Mais force est de constater que ce qui a été gagné d’un côté par chaque entreprise considérée individuellement a été perdu de l’autre par les entreprises dans leur ensemble, puisque la poursuite des stratégies de puissance par la plupart des nations a continué à refaçonner l’environnement techno-économique en le rendant toujours plus vaste, plus complexe, plus imprévisible et contraignant. Il faut toujours plus de « flexibilité », toujours plus de « réactivité ». La réorganisation et la restructuration sont devenues permanentes, jamais satisfaisantes, toujours à reprendre et à recommencer, toujours plus vite…

Les socialismes, victimes de la démesure

Il y a eu ensuite l’épuisement des socialismes comme alternative économique et politique crédible. A l’Est, les régimes communistes, fondés sur de puissants moyens de production nationalisés et gérés par la planification centralisée de l’ État, se sont effondrés. A l’Ouest et au Sud, les perspectives de transition vers un socialisme démocratique ont fondu comme neige au soleil. Et la social-démocratie à l’européenne n’est plus qu’une variante à peine édulcorée du néo-libéralisme.

Pourquoi ? Pour la simple raison que la dynamique concurrentielle internationale dans laquelle les États occidentaux s’étaient progressivement laissé prendre au cours des « trente glorieuses » oblige les gouvernants, quels qu’ils soient, à s’y soumettre et à l’impulser tout à la fois, dans l’espoir de favoriser les entreprises installées sur leur territoire national. Comme l’écrivait en 1982 déjà l’économiste François Partant, « une dynamique concurrentielle est, par essence, non maîtrisable, de sorte que l’évolution technico-économique qu’elle favorise ne l’est pas davantage. Le résultat, on peut l’apprécier tous les jours : la société doit s’adapter à l’évolution de son mode de production, évolution qu’évidemment elle favorise par ses propres efforts d’adaptation et de compétitivité. Mais elle ne peut plus adapter l’économie et les techniques à ses projets politiques et sociaux. Une inversion s’est produite et, désormais, l’économie avec sa dimension technique commande tout le reste : le politique, le social, le culturel »[2].

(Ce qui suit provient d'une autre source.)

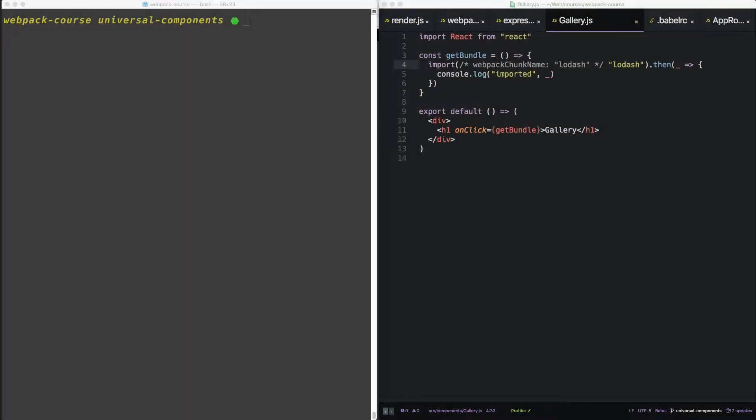Alright, welcome back. So in the last episode, we looked at the import function that can be used throughout your code. In this episode, we're going to use that function with React Universal Components to make loading components on demand super easy.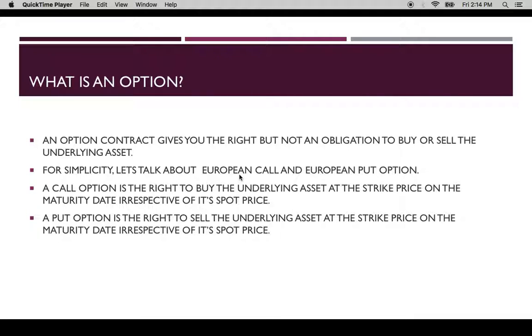Hello. Today we are going to talk about option contracts. What is an option? An option contract gives you the right but not the obligation to buy or sell the underlying asset.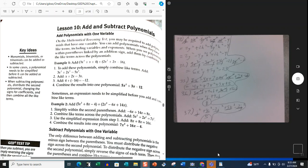Add polynomials with one variable. On the mathematical reasoning test, you may be required to add polynomials that have one variable. You can add polynomials when they have like terms, including variables and exponents. When you see polynomials within parentheses linked by an addition sign, add them by combining the like terms across the polynomial. Now we're going to go through that more extensively as we go through the lesson.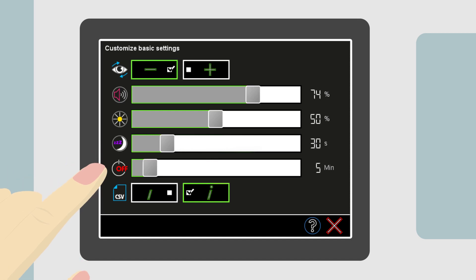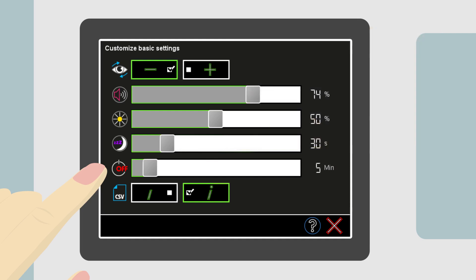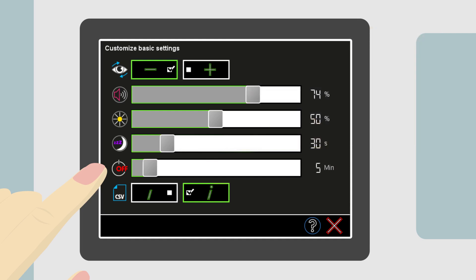Next is the automatic shut-off timer. The device arrives with a default setting of 5 minutes. This means the device will automatically shut itself off after 5 minutes of non-use. The automatic shut-off timer is deactivated when the power supply is connected to the A12 device.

Il ne reste aux États que la fuite en avant dans le libéralisme, quitte à la badigeonner en rose pâle, chacun d’eux cultivant l’espoir de rendre sa propre nation apte à soutenir une compétition internationale de plus en plus dure. Une fuite en avant sans fin qui ne peut que pousser à la puissance des moyens, à toujours plus de puissance. Sur ce plan, il n’y a plus de différences entre gauche et droite.

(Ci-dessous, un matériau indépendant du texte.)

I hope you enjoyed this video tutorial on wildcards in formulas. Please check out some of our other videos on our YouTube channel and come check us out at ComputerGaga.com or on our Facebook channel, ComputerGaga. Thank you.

3) Le néolibéralisme, ou la démesure dopée

Il n’est donc pas étonnant qu’il y ait eu aussi la vague déferlante du néolibéralisme triomphant. Outre leur conviction que l’alternative socialiste était définitivement morte avec la chute du mur de Berlin, les tenants du libéralisme pur et dur ont eu comme avantage idéologique, précisément, de prétendre être mieux adaptés à un monde devenu plus instable et insécurisant, puisqu’ils prônent la compétition, la concurrence perpétuelle, la lutte à mort sur les marchés comme source de tout progrès économique et social. Une lutte qui promet la victoire aux plus forts (mais une victoire toujours très provisoire). Une lutte qui exige de plus en plus des salariés et précarise leur emploi et leur situation (mais jusqu’à les dégoûter du travail). Une lutte qui galvanise des générations de plus en plus courtes de jeunes techniciens et de jeunes cadres (mais jusqu’à l’épuisement, au « burnout »… ou au suicide sur le lieu de travail, après « l’expérience atroce du silence des autres »[3]).

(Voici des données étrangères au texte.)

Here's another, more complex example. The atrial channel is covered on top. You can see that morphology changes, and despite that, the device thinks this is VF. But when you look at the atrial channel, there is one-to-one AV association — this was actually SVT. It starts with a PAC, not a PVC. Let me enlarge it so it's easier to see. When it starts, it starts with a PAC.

Les partisans du libéralisme débridé ont aussi eu l’avantage concret d’obtenir des États nationaux une déréglementation massive, par les négociations au sein de l’Organisation mondiale du commerce et dans la construction de l’Union européenne. En supprimant une grande partie des contraintes douanières, législatives et réglementaires dans lesquelles les entreprises étaient enserrées, la grande vague de déréglementation leur a offert une plus grande liberté de manœuvre, plus de flexibilité, plus de réactivité, sur des marchés sans frontières.

Mais ce faisant, la démesure des moyens de production et de leurs interdépendances planétaires n’ont fait que croître.

La mondialisation de l’espace économique n’a fait qu’intégrer encore plus de populations, de territoires nationaux et d’entreprises de tous les continents dans des échanges et des flux de plus en plus compliqués de matières premières, d’énergies, de marchandises, de services et de capitaux… Elle a sérieusement accru la complication des interdépendances multiples dans lesquelles les gens sont quotidiennement ficelés, tiraillés, bousculés et contraints de réagir au plus vite, tout en percevant de moins en moins les tenants et aboutissants de leur action quotidienne dans le travail.

Par ailleurs, la pression lourdement accrue de la concurrence (conjuguée aux rendements exorbitants exigés par les investisseurs financiers) a conduit les directions d’entreprise à viser le court terme, et donc à réduire arbitrairement la complexité des innombrables variables entrant en ligne de compte dans la prise de décision. Il en résulte inévitablement des erreurs de jugement qui se payent lourdement peu après, augmentant l’instabilité générale de l’économie mondialisée. L’industrie automobile et la mise en faillite de General Motors en 2009 en sont un exemple caricatural, parmi tant d’autres.

De plus, la facilité accordée aux entreprises de délocaliser leurs moyens de production - sans aucun égard pour leurs salariés, où qu’ils soient - modifie évidemment la répartition transnationale des unités de production d’une même filière, mais elle ne simplifie pas pour autant la maîtrise globale de l’ensemble des flux transnationaux. Quand un simple flacon de parfum peut faire aujourd’hui l’aller-retour de la France à Shanghai en Chine, soit 20 000 km, rien que pour y recevoir un motif de décoration posé par des ouvriers payés moitié moins qu’en France[4], on ne peut même pas imaginer la complexité de l’ensemble des filières et de leurs interactions réciproques.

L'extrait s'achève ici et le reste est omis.